Dataset excerpt:
========================================================================

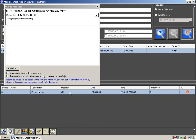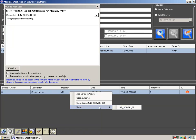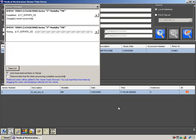Now, if we try to store the same series again to the same remote PACS, we will receive this error message: duplicate instance. This is telling us that the data set already exists in the remote PACS.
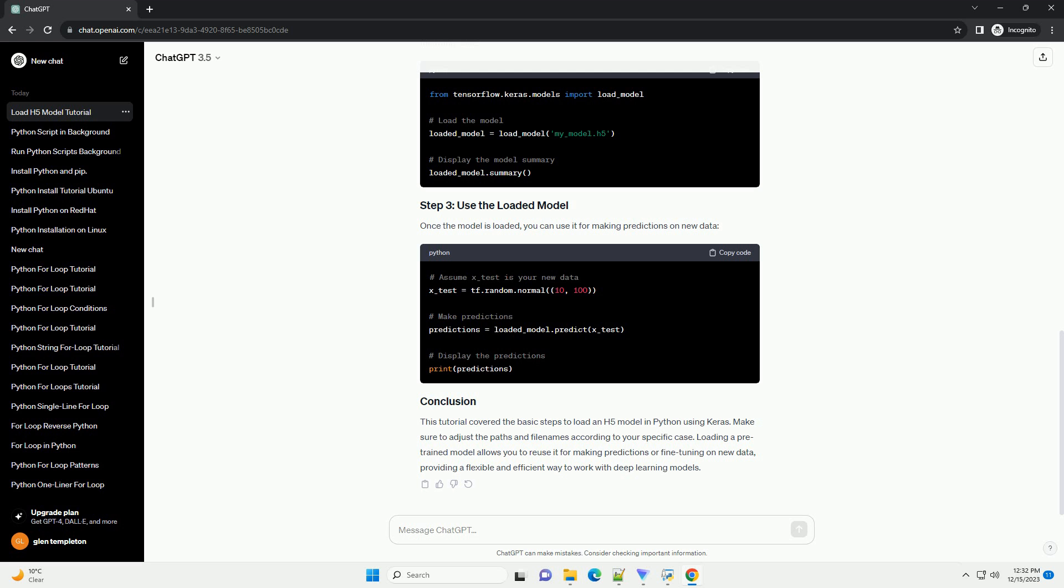Make sure to adjust the paths and file names according to your specific case. Loading a pre-trained model allows you to reuse it for making predictions or fine-tuning on new data, providing a flexible and efficient way to work with deep learning models.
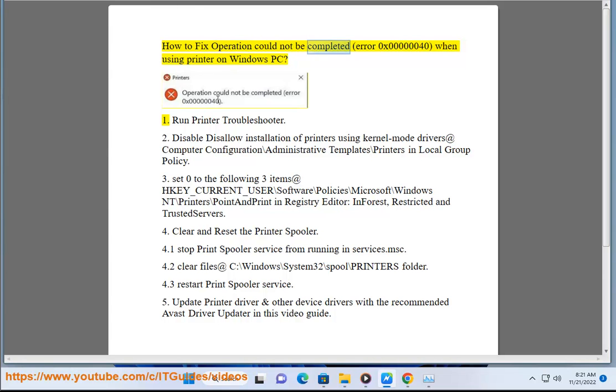How to fix 'Operation could not be completed' error 0x00000040 when using a printer on a Windows PC.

========================================================================

Assigned task:
Take the line containing "Make sure to" as the first line and the last line of the data above as the final one, and output exactly the lines between them, inclusive, with no pictures.

Solution to this exercise:
Make sure to adjust the paths and file names according to your specific case. Loading a pre-trained model allows you to reuse it for making predictions or fine-tuning on new data, providing a flexible and efficient way to work with deep learning models.
How to fix 'Operation could not be completed' error 0x00000040 when using a printer on a Windows PC.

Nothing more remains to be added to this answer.